At our Zion, we held a media exhibition. Each day, people streamed in—curious, eager to learn about the Church of God—and witnessing their realization and joy brought me quiet happiness. I had been assigned to help manage the exhibit, a task I initially assumed would be simple. After all, the materials weren’t going anywhere. As summer unfolded, things grew more complicated. The rainy season brought thick humidity, which began to affect the books and items on display. The brothers and sisters overseeing the exhibition became increasingly busy checking the lighting, adjusting dehumidifiers, tending to each detail with quiet diligence. Watching their care stirred a reflection in me: perhaps faith, too—though it may appear firm and unshakable on the surface—is quietly upheld by such unseen, devoted attention.

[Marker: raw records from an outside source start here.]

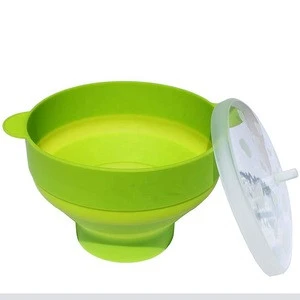 Silicone Collapsible Popcorn Maker With Lid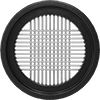 Water- and Steam-Resistant EPDM Gaskets with Screen for Quick-Clamp Tube Fittings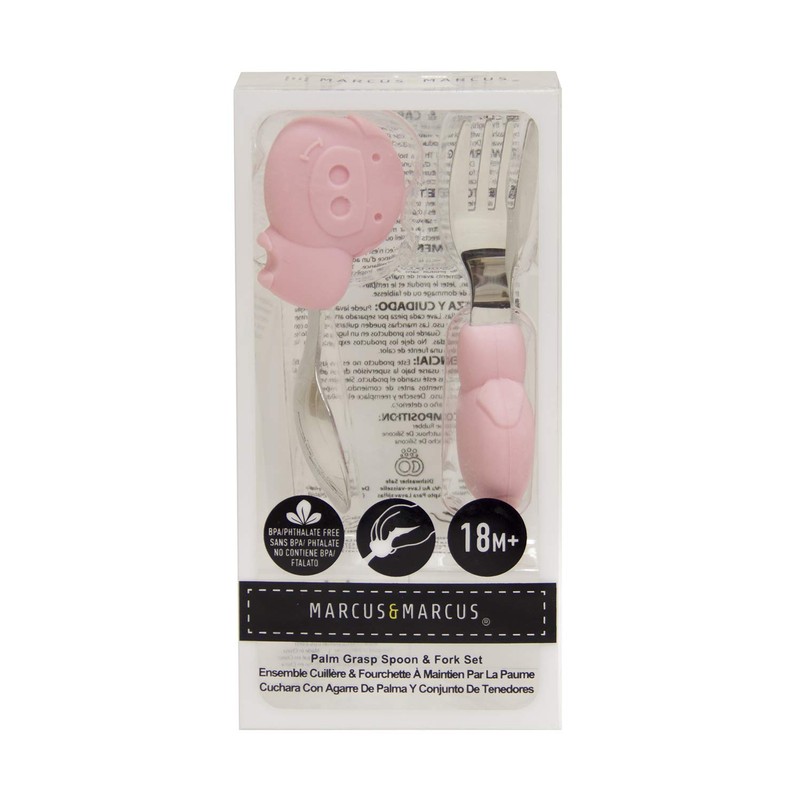 MARCUS & MARCUS MMPG-PG Palm Glass, Spoon & Fork, Lid
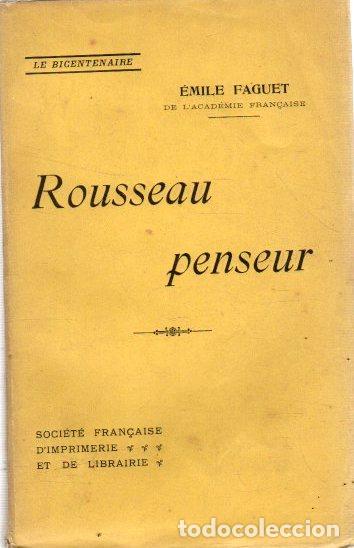 Libros: Rousseau penseur - Faguet, &Eacute;mile - Foto 1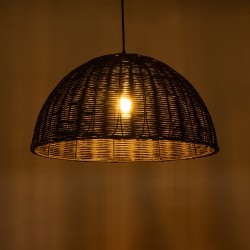 MONTANA 02383 Boho Κρεμαστό Φωτιστικό Οροφής με Ντουί 1 x E27 AC 220-240V IP20 - Μαύρο - Μ50 x Π50 x Υ25cm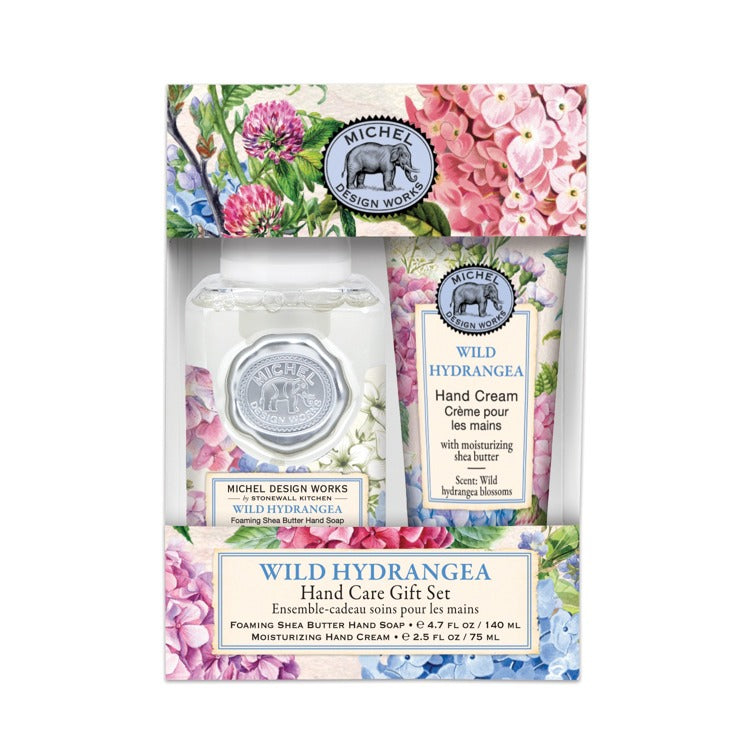 Michel Design Works Wild Hydrangea Handcare Gift Set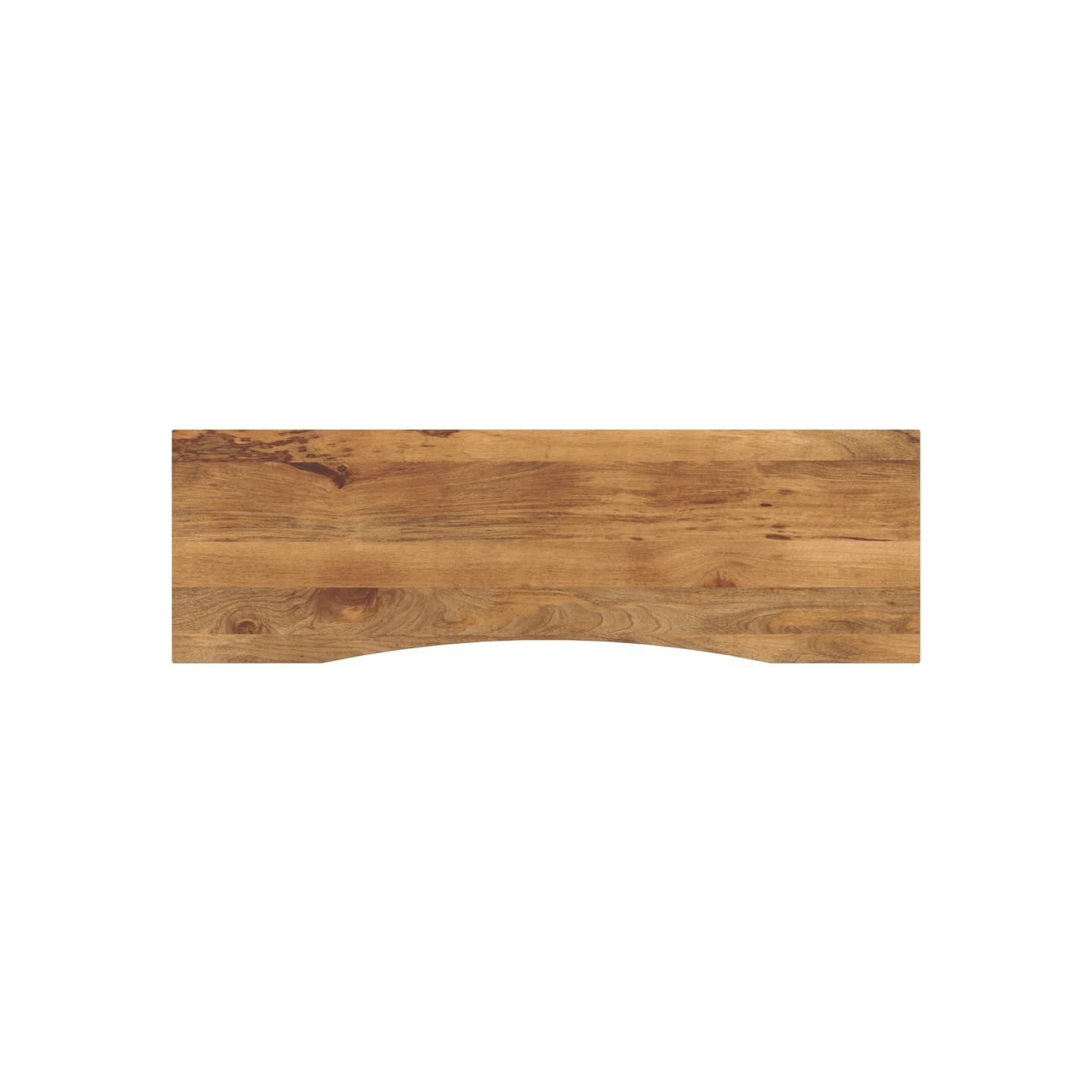 Dessus de bureau avec courbe 160x50x2,5 cm manguier massif brut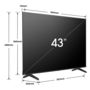 Voir la diapositive 5 : HISENSE TV UHD 4K 43A6N 2024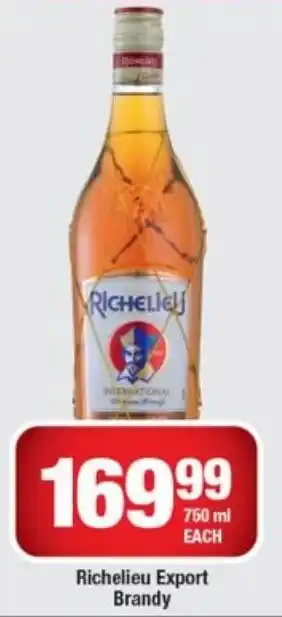 OK Liquor Richelieu Brandy 750ml offer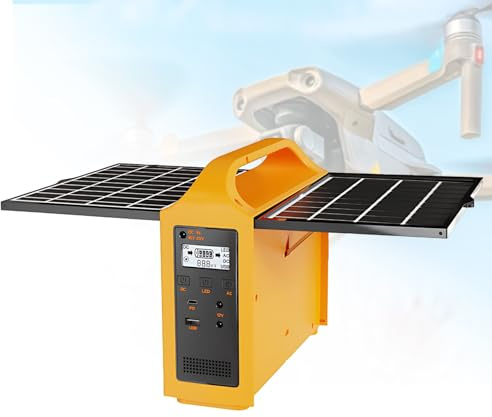 Lissontine Generatore Solare, Alimentazione di Emergenza, Batteria Lifepo4 da 76.8wh con Prese Ca da 100w, Ricaricabile con Pannelli Solari, Batteria di Backup Lfp per Campeggio, Viaggi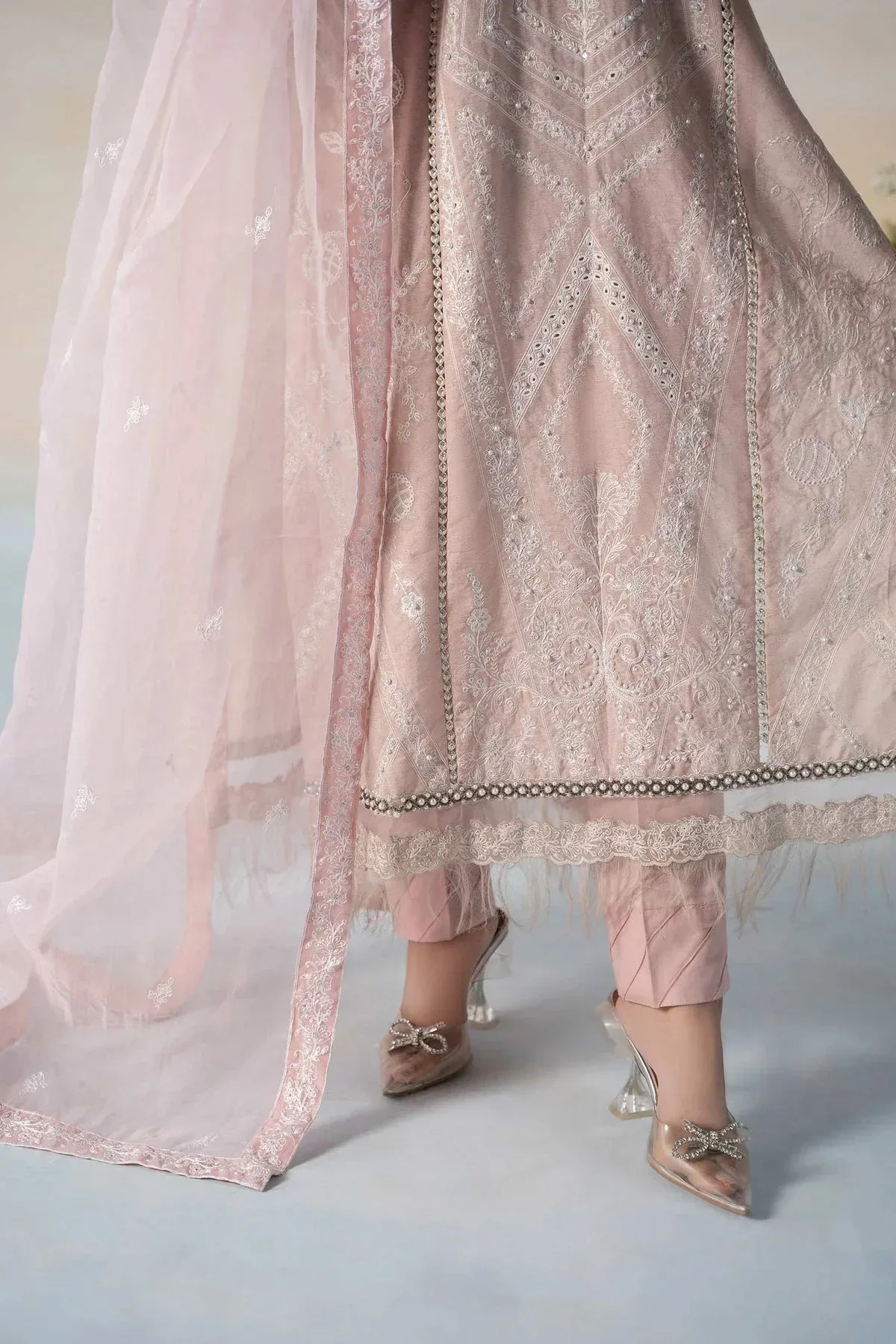 Maria B Casual Pret 2024 Pink Jacquard – view 5 – Poshaq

“But I have prayed for you, that your faith may not fail.” Lk 22:32
In that moment, I realized: the reason I’ve been able to keep my faith all this time is not because of my strength, but because of the prayers of love offered for me by Heavenly Father and Mother. The thought that Heavenly Mother lifted Her hands in prayer for me this early dawn, too, filled me with both gratitude and quiet remorse.
Now, I want to be different. I want to examine my faith and tend to it carefully, so that I no longer add to Heavenly Mother’s burdens. As She tirelessly seeks Her lost children, I will stand beside Her—in prayer, in preaching—striving to become a mature child of faith, one who brings joy and relief to Her loving heart.